Decker recommended water conservation practices such as watering lawns in the early morning or late evening, using a dishwasher and clothes washer only when they are fully loaded, and using low-flow shower heads and faucets.

Rainfall typically catches up in September and October, by the end of which Decker hopes the reservoir level will rise to around 70 percent, a safe level for the city to manage through the winter.

Then the melted snow will replenish the reservoirs for next year, he said.

The city works with the National Oceanic Atmospheric Administration on long-range weather forecasts. Decker hopes for more rain in fall, but too much rain at a time won’t be good either, he said.

“You can’t have it all at one time. The ground won’t soak it up and it’ll run off down the brooks and overflows as opposed to just doing the best for the ground the reservoirs themselves.”

Rainfall and snowmelt are two major sources of the city’s water reservoirs. A few connected ponds also supply water but to a much lesser extent, according to Decker.
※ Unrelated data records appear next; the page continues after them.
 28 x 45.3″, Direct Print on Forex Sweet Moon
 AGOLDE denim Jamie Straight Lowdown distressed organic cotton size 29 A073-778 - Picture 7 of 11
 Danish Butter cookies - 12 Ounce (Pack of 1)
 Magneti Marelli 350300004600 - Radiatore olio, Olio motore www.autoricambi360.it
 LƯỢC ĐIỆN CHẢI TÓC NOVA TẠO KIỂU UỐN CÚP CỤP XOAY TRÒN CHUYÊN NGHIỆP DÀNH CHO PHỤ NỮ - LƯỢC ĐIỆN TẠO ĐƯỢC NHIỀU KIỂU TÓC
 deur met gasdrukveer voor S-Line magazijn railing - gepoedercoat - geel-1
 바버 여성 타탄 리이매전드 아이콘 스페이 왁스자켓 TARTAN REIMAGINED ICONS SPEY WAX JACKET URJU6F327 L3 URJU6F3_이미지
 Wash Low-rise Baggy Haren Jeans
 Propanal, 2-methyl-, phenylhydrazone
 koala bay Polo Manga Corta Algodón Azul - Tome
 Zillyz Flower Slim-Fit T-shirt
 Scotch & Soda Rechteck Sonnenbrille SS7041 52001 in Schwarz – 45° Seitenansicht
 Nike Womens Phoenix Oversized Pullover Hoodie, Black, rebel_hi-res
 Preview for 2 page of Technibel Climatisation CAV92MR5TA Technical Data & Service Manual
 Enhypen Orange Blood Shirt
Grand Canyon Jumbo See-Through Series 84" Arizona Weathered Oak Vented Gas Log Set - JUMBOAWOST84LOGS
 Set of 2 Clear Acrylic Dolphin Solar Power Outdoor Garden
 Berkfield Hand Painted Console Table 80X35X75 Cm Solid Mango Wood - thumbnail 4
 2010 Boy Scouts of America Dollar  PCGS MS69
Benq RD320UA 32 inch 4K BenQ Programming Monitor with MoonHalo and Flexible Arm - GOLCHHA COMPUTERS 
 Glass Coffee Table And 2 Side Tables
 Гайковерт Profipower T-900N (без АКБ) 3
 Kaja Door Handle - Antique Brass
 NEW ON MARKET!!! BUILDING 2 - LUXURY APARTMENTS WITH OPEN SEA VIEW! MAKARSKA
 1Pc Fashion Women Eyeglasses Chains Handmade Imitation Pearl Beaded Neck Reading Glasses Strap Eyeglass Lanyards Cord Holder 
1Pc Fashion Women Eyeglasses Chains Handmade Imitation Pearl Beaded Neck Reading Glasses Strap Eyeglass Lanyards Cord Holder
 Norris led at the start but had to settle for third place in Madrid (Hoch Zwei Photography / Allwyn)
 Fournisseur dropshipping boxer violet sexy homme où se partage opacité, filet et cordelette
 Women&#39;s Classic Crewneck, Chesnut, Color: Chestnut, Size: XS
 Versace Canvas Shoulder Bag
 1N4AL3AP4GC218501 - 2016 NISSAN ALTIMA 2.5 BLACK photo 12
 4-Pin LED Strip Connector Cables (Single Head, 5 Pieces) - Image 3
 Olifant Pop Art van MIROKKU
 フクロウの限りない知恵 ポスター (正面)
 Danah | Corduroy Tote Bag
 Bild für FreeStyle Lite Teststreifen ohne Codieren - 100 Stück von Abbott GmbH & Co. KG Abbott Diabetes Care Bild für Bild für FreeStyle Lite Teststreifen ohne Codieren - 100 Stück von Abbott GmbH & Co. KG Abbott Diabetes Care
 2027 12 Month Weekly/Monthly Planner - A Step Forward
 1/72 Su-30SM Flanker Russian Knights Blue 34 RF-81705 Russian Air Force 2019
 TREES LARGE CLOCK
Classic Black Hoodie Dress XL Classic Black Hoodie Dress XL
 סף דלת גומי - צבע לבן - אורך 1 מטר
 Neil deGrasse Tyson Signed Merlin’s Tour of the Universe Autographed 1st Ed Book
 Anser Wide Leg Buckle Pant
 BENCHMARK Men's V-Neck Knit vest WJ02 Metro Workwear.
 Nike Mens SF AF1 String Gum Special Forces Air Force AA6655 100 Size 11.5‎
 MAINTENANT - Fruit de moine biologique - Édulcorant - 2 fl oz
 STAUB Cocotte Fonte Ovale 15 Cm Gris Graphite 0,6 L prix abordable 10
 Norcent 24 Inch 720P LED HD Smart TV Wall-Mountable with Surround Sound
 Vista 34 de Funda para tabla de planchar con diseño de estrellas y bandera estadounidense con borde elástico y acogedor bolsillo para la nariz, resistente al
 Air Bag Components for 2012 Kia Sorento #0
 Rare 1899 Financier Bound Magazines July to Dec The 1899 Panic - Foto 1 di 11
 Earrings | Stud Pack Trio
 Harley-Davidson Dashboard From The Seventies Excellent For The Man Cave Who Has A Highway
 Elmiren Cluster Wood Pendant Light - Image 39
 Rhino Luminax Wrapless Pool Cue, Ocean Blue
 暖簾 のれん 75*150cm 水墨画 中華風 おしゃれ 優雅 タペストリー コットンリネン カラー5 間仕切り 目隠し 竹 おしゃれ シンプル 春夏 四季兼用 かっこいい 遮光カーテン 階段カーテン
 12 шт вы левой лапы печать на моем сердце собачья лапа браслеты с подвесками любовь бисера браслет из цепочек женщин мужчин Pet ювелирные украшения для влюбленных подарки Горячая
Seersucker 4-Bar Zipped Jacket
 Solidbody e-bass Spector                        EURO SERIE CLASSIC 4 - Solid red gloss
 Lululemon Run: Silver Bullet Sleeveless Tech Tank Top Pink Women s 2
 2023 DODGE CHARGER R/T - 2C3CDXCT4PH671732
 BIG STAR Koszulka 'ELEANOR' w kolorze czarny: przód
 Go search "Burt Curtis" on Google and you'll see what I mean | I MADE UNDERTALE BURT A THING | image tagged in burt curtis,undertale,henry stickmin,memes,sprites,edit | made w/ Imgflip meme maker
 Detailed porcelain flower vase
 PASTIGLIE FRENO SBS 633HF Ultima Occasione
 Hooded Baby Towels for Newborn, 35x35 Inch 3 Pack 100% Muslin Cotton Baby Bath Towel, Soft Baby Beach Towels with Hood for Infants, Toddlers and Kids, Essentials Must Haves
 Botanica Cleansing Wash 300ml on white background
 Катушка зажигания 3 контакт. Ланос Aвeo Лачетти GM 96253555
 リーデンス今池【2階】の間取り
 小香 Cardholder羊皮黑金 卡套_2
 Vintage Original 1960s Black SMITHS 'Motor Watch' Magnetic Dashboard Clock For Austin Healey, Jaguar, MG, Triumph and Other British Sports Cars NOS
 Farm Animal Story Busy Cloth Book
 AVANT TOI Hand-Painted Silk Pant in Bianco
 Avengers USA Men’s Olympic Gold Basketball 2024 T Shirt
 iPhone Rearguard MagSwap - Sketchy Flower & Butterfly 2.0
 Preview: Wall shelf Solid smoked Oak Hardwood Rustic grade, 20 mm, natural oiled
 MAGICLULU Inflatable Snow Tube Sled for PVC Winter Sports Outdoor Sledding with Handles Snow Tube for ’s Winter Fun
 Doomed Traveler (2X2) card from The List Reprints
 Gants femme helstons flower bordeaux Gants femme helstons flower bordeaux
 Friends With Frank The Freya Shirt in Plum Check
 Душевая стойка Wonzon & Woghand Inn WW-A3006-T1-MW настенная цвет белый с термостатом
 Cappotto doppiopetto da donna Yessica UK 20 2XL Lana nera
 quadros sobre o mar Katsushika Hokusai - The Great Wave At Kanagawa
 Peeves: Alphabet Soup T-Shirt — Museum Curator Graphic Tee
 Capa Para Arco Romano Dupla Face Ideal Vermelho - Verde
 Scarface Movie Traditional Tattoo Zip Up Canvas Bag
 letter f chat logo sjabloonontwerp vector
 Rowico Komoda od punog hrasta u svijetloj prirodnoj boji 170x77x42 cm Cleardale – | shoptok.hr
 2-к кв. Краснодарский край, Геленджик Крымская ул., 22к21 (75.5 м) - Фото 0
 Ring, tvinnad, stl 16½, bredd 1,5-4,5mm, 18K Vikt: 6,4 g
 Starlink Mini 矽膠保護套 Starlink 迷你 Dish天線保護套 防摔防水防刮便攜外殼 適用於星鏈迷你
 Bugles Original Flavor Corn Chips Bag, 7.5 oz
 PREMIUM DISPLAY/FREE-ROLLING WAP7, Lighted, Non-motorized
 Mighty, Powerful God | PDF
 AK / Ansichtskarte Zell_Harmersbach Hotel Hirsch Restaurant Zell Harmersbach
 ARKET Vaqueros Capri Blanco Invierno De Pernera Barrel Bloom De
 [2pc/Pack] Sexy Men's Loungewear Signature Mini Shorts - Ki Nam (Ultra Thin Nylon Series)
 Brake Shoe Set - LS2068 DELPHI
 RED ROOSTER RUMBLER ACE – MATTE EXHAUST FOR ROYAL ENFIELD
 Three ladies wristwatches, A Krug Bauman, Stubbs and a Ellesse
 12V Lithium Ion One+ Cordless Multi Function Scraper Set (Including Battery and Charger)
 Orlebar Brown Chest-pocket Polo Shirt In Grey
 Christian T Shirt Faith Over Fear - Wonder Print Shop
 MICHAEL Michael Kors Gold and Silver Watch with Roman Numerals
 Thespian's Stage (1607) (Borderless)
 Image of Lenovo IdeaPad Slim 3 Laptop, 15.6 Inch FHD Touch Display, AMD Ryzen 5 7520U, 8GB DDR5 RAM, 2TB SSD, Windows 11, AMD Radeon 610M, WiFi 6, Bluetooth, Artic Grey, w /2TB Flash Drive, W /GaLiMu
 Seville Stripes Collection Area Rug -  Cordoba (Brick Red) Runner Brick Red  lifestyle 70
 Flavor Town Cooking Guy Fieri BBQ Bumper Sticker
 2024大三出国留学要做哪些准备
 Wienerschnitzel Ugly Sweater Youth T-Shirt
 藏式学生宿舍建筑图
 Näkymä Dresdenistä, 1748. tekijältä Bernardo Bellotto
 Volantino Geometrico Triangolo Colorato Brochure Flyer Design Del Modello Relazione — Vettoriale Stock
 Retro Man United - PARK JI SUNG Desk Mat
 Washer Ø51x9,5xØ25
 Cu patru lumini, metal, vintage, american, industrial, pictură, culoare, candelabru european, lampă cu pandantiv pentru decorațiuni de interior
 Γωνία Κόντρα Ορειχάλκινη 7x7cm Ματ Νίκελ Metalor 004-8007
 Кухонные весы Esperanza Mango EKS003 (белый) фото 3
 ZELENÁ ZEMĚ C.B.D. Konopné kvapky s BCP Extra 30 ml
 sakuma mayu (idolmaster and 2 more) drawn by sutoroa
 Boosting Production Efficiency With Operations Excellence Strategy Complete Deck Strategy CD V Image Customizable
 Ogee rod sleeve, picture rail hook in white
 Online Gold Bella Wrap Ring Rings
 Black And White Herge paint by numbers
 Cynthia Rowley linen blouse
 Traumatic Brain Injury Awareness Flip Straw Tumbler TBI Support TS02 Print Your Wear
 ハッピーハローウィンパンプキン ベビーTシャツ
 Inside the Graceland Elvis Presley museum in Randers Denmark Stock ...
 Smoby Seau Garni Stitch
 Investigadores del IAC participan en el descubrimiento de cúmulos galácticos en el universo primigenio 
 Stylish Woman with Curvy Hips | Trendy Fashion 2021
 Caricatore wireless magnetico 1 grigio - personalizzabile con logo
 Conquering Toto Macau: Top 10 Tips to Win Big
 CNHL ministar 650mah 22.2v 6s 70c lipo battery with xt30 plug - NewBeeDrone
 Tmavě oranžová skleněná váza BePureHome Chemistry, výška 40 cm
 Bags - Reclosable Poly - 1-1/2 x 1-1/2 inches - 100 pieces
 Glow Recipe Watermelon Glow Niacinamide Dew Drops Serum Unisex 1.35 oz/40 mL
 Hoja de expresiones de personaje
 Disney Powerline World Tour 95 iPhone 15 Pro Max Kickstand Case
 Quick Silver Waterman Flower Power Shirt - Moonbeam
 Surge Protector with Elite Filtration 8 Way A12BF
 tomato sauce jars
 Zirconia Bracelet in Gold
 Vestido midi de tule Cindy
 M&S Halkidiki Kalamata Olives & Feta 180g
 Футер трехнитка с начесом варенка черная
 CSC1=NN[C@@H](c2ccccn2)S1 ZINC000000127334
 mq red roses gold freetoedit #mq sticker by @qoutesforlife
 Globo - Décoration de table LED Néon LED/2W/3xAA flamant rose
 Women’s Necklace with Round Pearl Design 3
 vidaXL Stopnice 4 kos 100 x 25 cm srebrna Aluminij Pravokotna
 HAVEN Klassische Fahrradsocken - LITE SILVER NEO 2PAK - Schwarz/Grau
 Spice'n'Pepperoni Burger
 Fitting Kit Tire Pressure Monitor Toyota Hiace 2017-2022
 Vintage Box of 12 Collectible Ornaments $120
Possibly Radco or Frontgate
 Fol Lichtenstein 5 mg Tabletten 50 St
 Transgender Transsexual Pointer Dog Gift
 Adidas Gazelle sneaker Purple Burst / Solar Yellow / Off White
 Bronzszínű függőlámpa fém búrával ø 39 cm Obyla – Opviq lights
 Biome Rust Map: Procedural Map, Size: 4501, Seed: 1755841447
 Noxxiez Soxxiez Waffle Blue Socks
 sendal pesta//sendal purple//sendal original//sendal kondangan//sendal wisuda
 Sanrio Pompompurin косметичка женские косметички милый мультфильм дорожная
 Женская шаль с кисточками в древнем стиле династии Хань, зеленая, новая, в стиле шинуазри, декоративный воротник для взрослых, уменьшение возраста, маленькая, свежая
The city draws water from three interconnected water reservoirs in a 3,000-acre watershed, two-thirds of which are owned by the city, according to the city’s 2020 water quality report.

The largest of the three is at Sparrowbush Brook, with a capacity of 292 million gallons. The other two sit on Buguenot Brook and Reservoir Road, with capacities of 209 million and 71 million gallons, respectively.

In 2020, the city’s highest single-day water distribution was 1.2 million gallons. That year, the city produced a total of 330.5 million gallons, according to the water report.

About a decade ago, the city had a yearlong drought, bringing down the reservoir level to 30 percent and completely depleting one reservoir. The city had to enact mandatory water restrictions and violators were fined, Decker said.

This year’s dry season affected a big portion of Hudson Valley and western New York; the drought also recently advanced down to Long Island, according to the New York Department of Environmental Conservation.

Rockland County, just south of Orange County, declared a stage two water emergency and enacted mandatory restrictions on water use on Aug. 18.

Port Jervis began asking for voluntary water conservation on July 11, when the city’s reservoir levels fell to 50 percent.